La Libye encore loin des élections générales
12 novembre 2020Des élections en Libye pour pacifier le pays après près de dix ans de conflit. Elles ont été annoncées ce mercredi (12.11.2020) par l'ONU. Une annonce alors que des discussions politique se tiennent en Tunisie toute la semaine.
Les deux camps principaux qui s'affrontent sur le terrain, le Gouvernement d'union nationale (GNA) de Tripoli et le camp du général Khalifa Haftar dans l'Est, sont réunis à la même table.
Ces élections doivent se tenir dans les dix-huit mois. Elles sont annoncées comme "crédibles, justes, inclusives et libres", par l'émissaire par intérim de l'ONU en Libye. Stephanie Williams se veut très optimiste. "C'est la meilleure occasion pour mettre fin aux divisions", estime-t-elle.
Une annonce pas nouvelle
"L'annonce d'élections est importante parce que les Libyens veulent choisir leurs représentants", confirme aussi Roumiana Ougartchinska, journaliste spécialiste de la Libye et auteure du livre "Pour la peau de Kadhafi" en 2013.

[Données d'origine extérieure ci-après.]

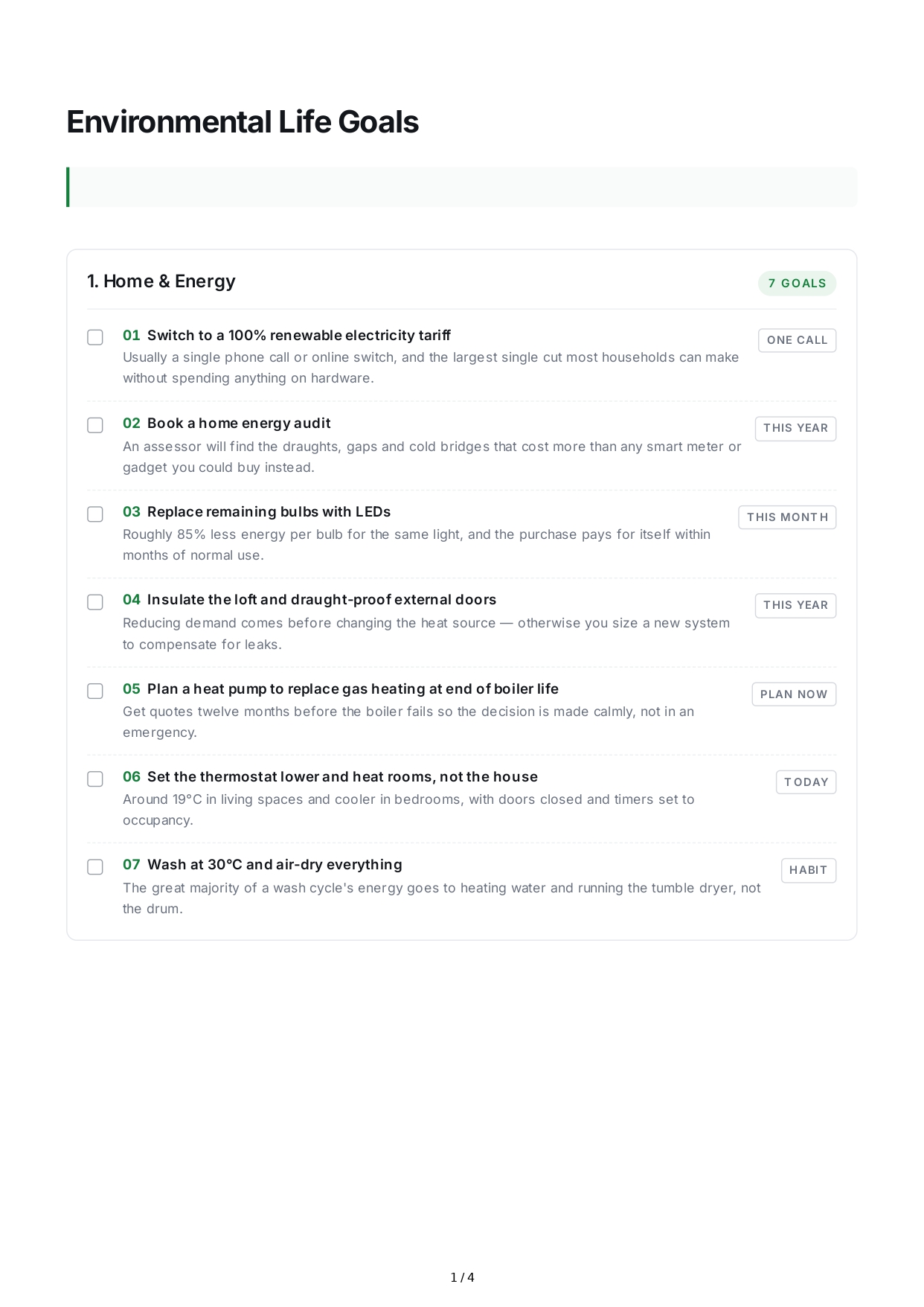 Environmental Life Goals - Free AI Life Goals Generator, 50+ Real Life Goals Examples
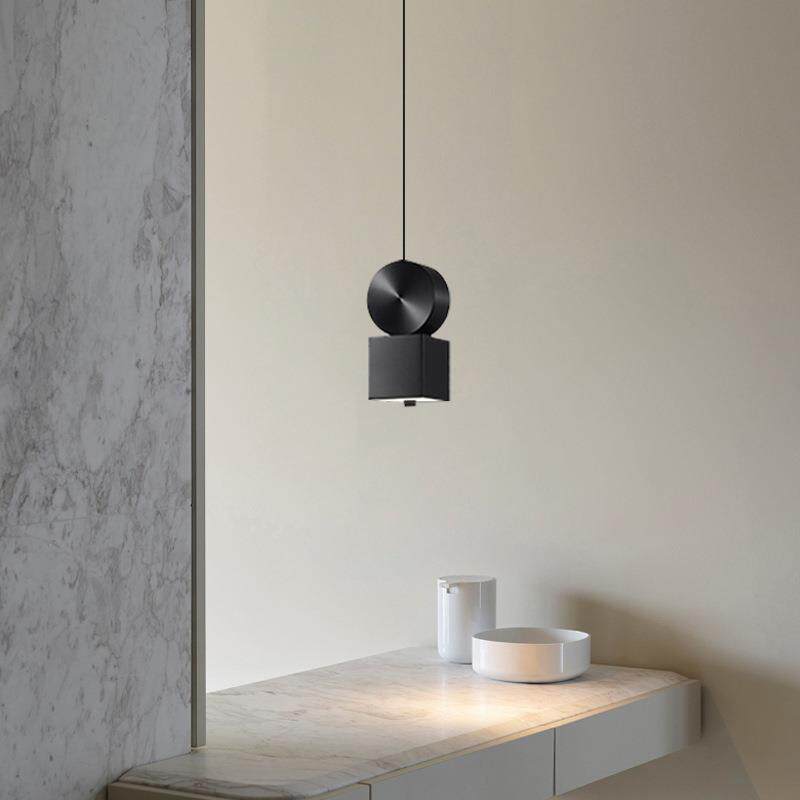 全铜意式极简 卧室床头小吊灯简约设计师现代创意方形客厅吧台灯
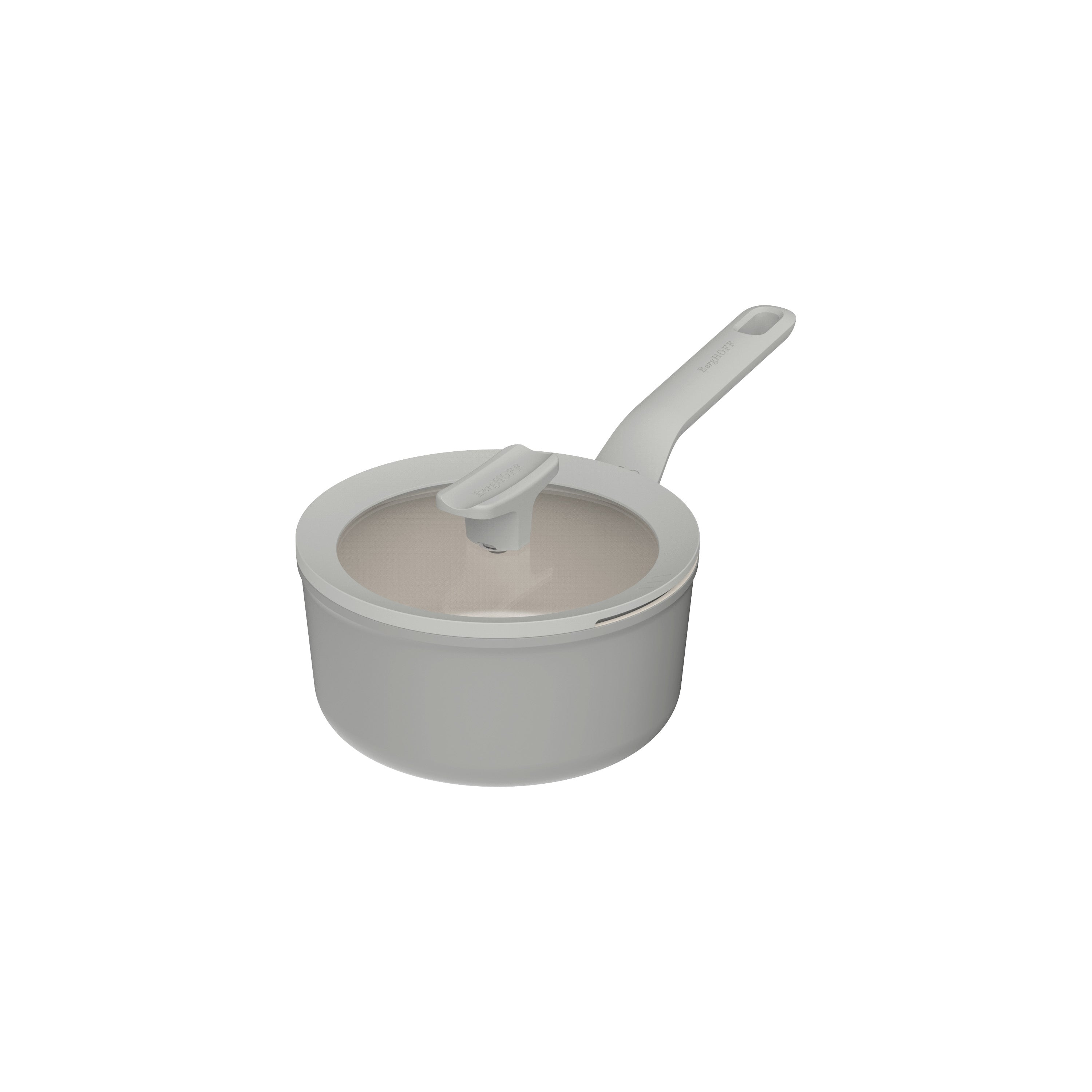 A gray saucepan with a lid and handle, set against a white background. The lid has a handle.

"Ils ne souhaitent plus que les dirigeants soient choisis par des puissances étrangères, ou dans les couloirs ou les salles de réception d'hôtel luxueux, que ce soit à Tunis, au Maroc ou à Genève", explique–t-elle.
Mais Roumiana Ougartchinska le rappelle : des telles annonces ont eu lieu déjà par le passé. En 2018 ou même 2019… Sans action véritable par la suite.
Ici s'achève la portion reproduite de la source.